WALTHAM - Ray Allen looked great at practice yesterday.
"He was standing there, right beside me most of the time, so he looked phenomenal," coach Doc Rivers joked. "He didn't do too much. We didn't want him to do a lot of cutting and running. He'll be fine for [tonight's game]. He said he feels great. I don't know if it's true or not."
Allen plans to be in uniform tonight against the Pistons, arguably the biggest game of the young season for the new-look Celtics. He missed the last two games, relatively easy wins over the Bucks (home) and Raptors (away) to rest his sore right ankle, which he originally hurt in Charlotte two days after Thanksgiving.
Rivers held Allen out of much of yesterday's 90-minute workout, but afterward, Allen said the rest was helpful in him getting his lift back and that he was encouraged by his post-practice shooting drills.
"It's good to be back on the floor," he said. "The shooting was great for me. A week around here and so much happens. Some weeks it's 4-5 games and you've got to do everything you can to stay in shape when you miss a couple games."
While the Celtics have blown from the gates by winning 20 of 22, one of the intriguing storylines has been Allen's rather underwhelming shooting percentage. A career 44.6 percent shooter, he is shooting just 40.8 percent this season, which would be a career low. His previous lows were 42.8 percent efforts in 1997-98, his second year in the NBA, and in 2004-05, his second full season in Seattle. He's also shooting a career-worst 35.3 percent from international waters.
But he's also made two of the biggest shots of the season for the Celtics, who haven't had many of them because the outcomes usually have been decided long before the last possession. His 3-pointer in Toronto represented the winning basket in the second game of the season. He also drained a trey as time expired to give the Celtics a 1-point win in Charlotte Nov. 24, the game in which he first rolled the ankle in question.
And it's not like opposing teams won't guard Allen because he isn't shooting well. He still demands coverage because of who he is and what he has done.
"Ray is so strong-willed," Rivers said. "He thinks he's going to make the next 20. And he is very professional in keeping his body in shape."
Allen never told anyone when he first rolled the ankle, but he then took two days off before playing again, missing the Nov. 26 practice at North Carolina-Charlotte to rest. But he said the ankle never fully responded to treatment and he finally talked to Rivers about the situation. He said he never really wanted to miss the two games but did so only at the urging of the coach.

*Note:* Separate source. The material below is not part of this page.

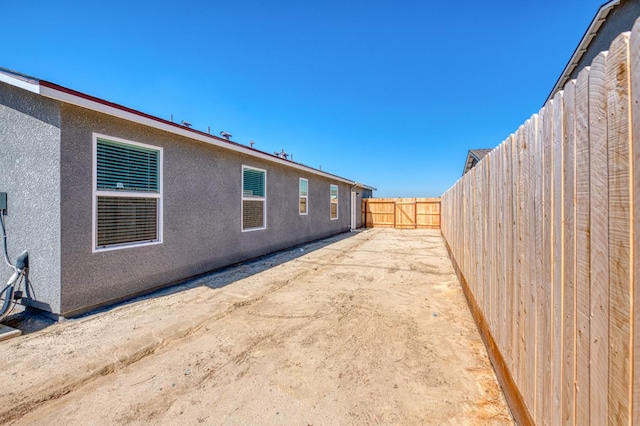 2012 Richard Ave, Sanger, CA 93657 - rear view of property with a fenced backyard and stucco siding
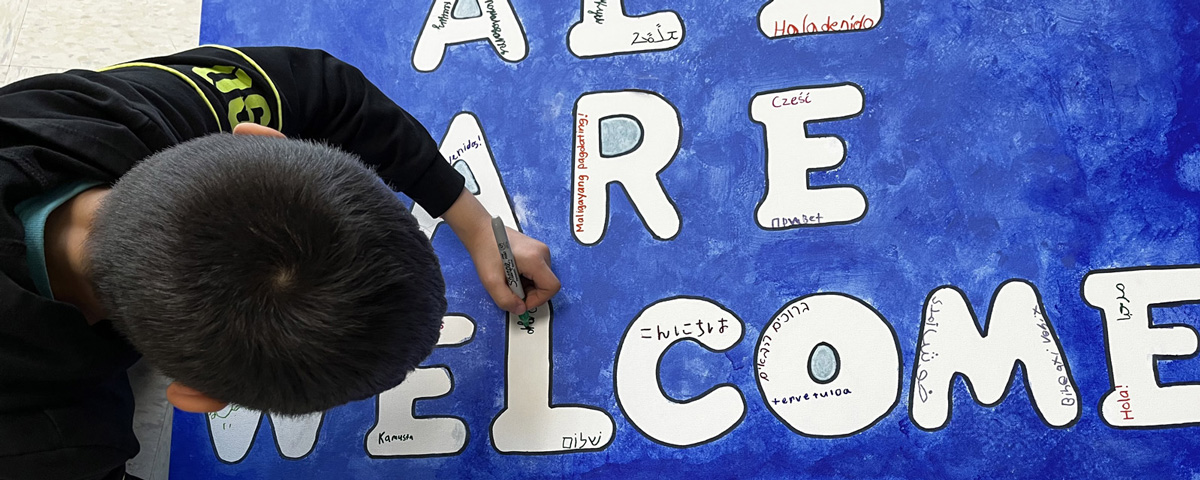 Photo of student writing "welcome" on a blue banner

"I hated it [the time off]," Allen said. "I didn't want to do it. I didn't want it to be a big issue. I didn't want to talk about it with my teammates. Doc and I had a conversation about it. But truly the people who needed to know what was going on were the trainer and the strength coaches. So, that's how I've been dealing with it.
"You maneuver around being hurt, being out, by getting better, getting strong in the weight room, and doing the necessary treatment," he continued. "So I try to take care of that before I come in here and go out on the floor. Then you see how your body responds. If it were up to me, I wouldn't sit down. When [Rivers] found out, I wanted to be upfront and honest with him and let him know it was something I'd been dealing with. He said, 'Take your time and get your body healthy. If you need to take a couple days off, I'm all for it."'
The area in which Allen sees the most improvement? In his lift. He said he was even looking at old basketball cards of himself shooting to see how much lift he was getting. Whatever it was these past few weeks, it wasn't enough.
"Just in the last week and a half, just having that little joint pain in my ankle, and not having the lift like I wanted to," he said. "A lot of my shots, in my mind, they felt good, but they were coming up short. I look forward to getting that back."